PROBLEM TO WORK ON: Would you output the listing exactly, with every image omitted?

★ ★ ★

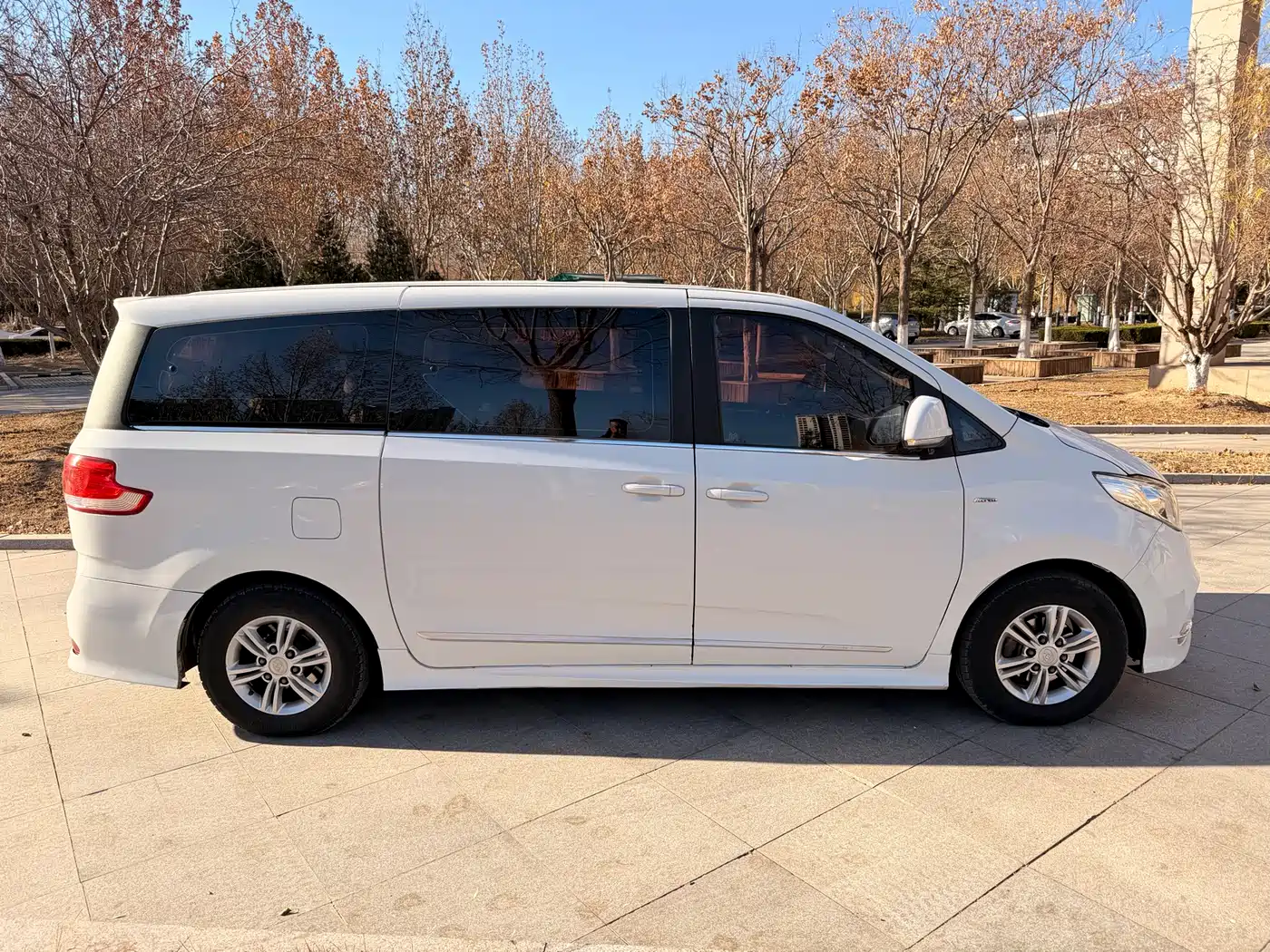 SAIC Maxus Maxus G10 2018 PLUS 2.0T Automatic Executive Edition фото 7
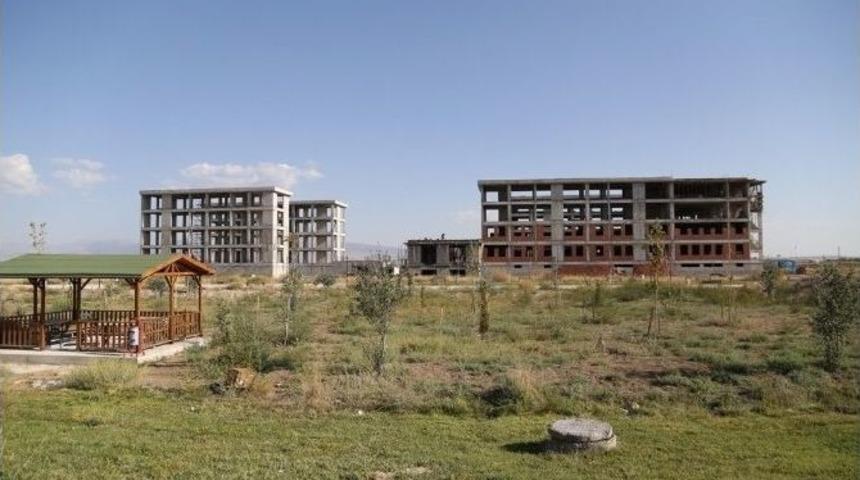 As&uuml;&rsquo;de Yeni Yatırımlar Hız Kazanıyor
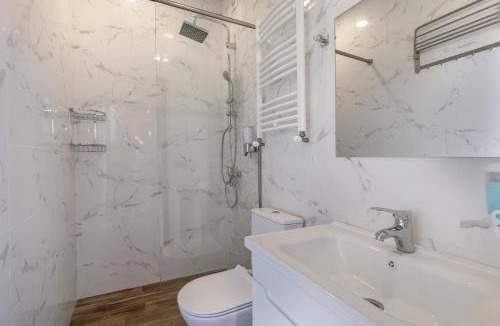 Tbilisi Villa | Private Modern Villa with Tennis court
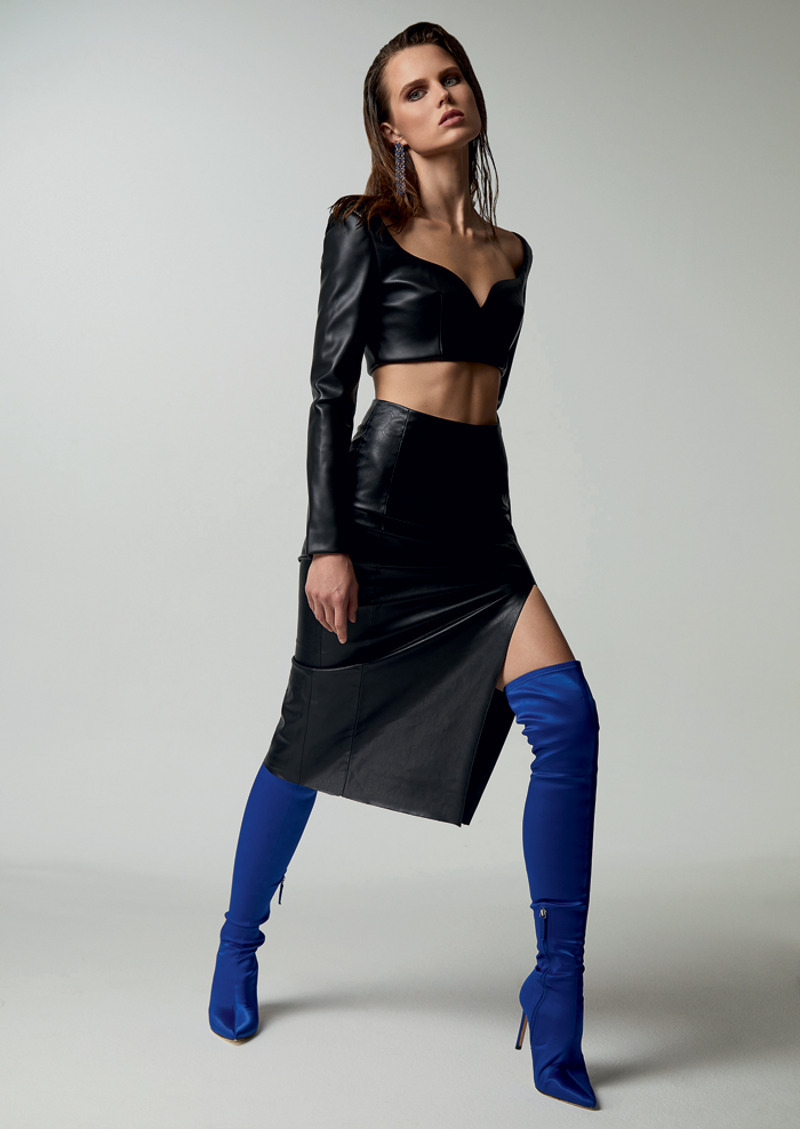 Топ и юбка, все – Giuseppe do Morabito; жакет, Valentino; ботфорты, Balenciaga; колье из коллекции Classic, кольцо из коллекции Color, все – Mercury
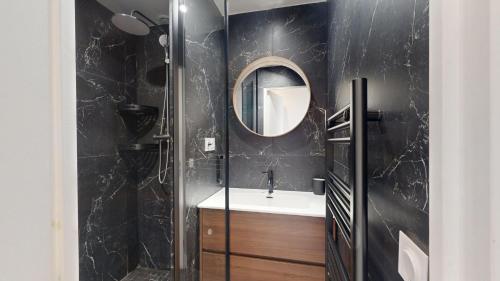 une salle de bain avec un lavabo et un miroir dans l'établissement 173 Suite Eiffel - Superb apartment in Paris., à Paris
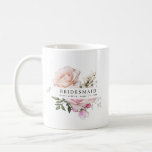 Taza De Café Bridesmaid Rubor Pink Rose Floral<br><div class="desc">Moda y elegante diseño floral de color rosa oscuro presenta el título de Bridesmaid y 1 línea de texto personalizado debajo. Se puede editar todo el texto, cambiar el color, el tipo de letra y el tamaño. Haz uno por cada fiesta nupcial. Se verá genial en las fotos que se...</div>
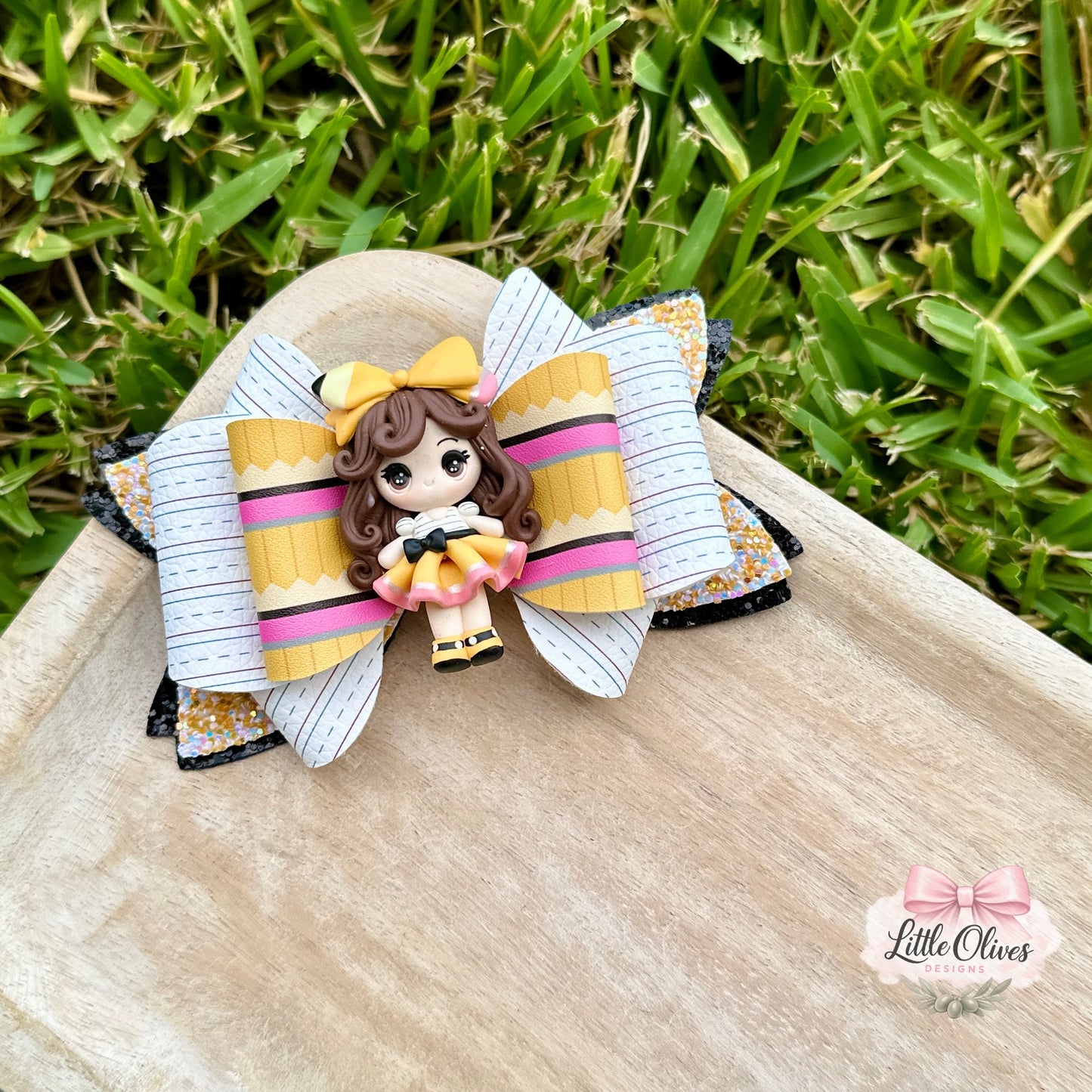 PENCIL GIRL CLAY BOW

★ ★ ★

TASK SOLUTION:
 SAIC Maxus Maxus G10 2018 PLUS 2.0T Automatic Executive Edition фото 7
 As&uuml;&rsquo;de Yeni Yatırımlar Hız Kazanıyor
 Tbilisi Villa | Private Modern Villa with Tennis court
 Топ и юбка, все – Giuseppe do Morabito; жакет, Valentino; ботфорты, Balenciaga; колье из коллекции Classic, кольцо из коллекции Color, все – Mercury
 une salle de bain avec un lavabo et un miroir dans l'établissement 173 Suite Eiffel - Superb apartment in Paris., à Paris
 Taza De Café Bridesmaid Rubor Pink Rose Floral<br><div class="desc">Moda y elegante diseño floral de color rosa oscuro presenta el título de Bridesmaid y 1 línea de texto personalizado debajo. Se puede editar todo el texto, cambiar el color, el tipo de letra y el tamaño. Haz uno por cada fiesta nupcial. Se verá genial en las fotos que se...</div>
 PENCIL GIRL CLAY BOW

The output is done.